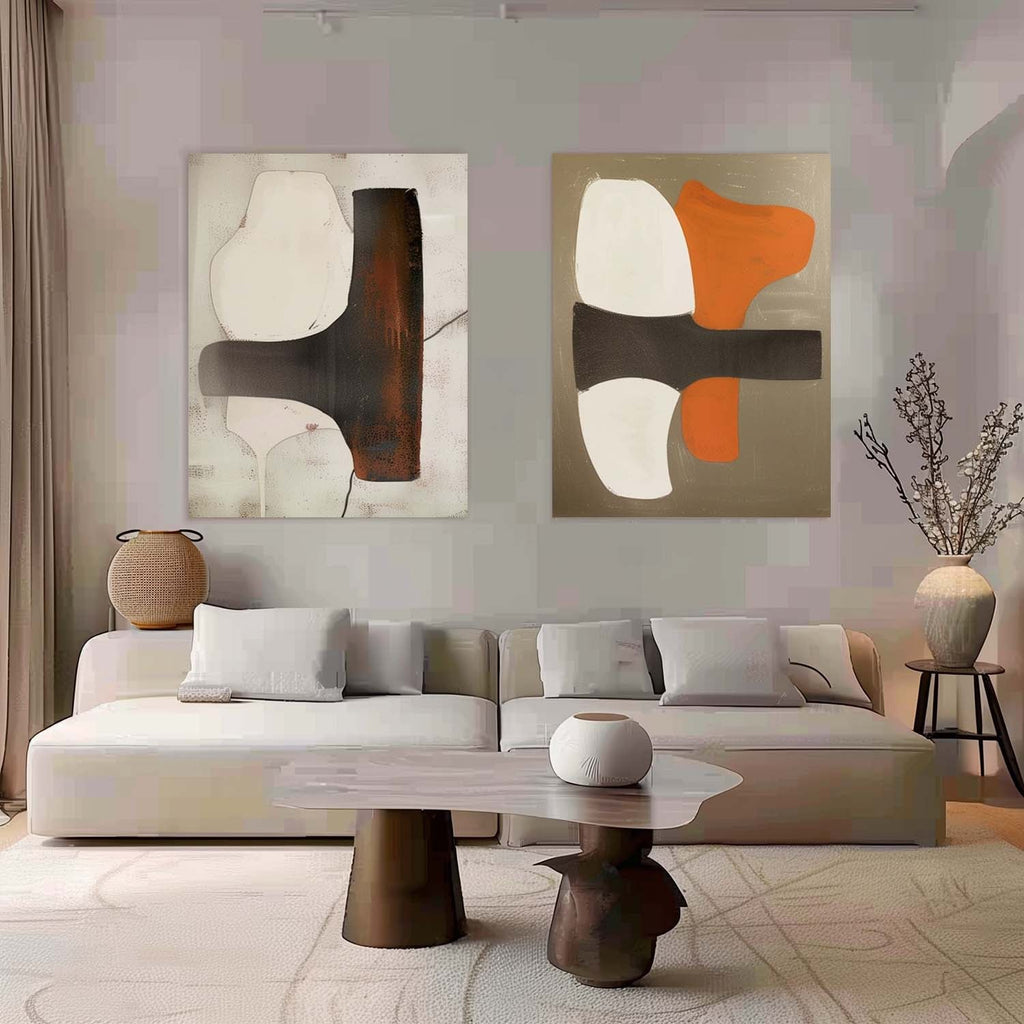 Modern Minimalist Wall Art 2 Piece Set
...
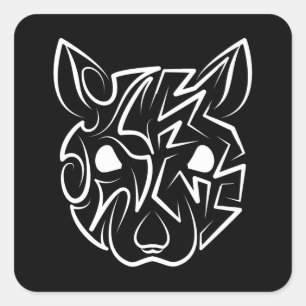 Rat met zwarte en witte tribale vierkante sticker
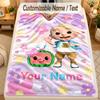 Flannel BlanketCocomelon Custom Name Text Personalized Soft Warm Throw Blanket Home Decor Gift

### Task details
For the entries above, print exactly the lines between the one with "Rat met zwarte" and the one with "Flannel BlanketCocomelon Custom", inclusive, with no pictures.

### Expected answer
 Rat met zwarte en witte tribale vierkante sticker
 Flannel BlanketCocomelon Custom Name Text Personalized Soft Warm Throw Blanket Home Decor Gift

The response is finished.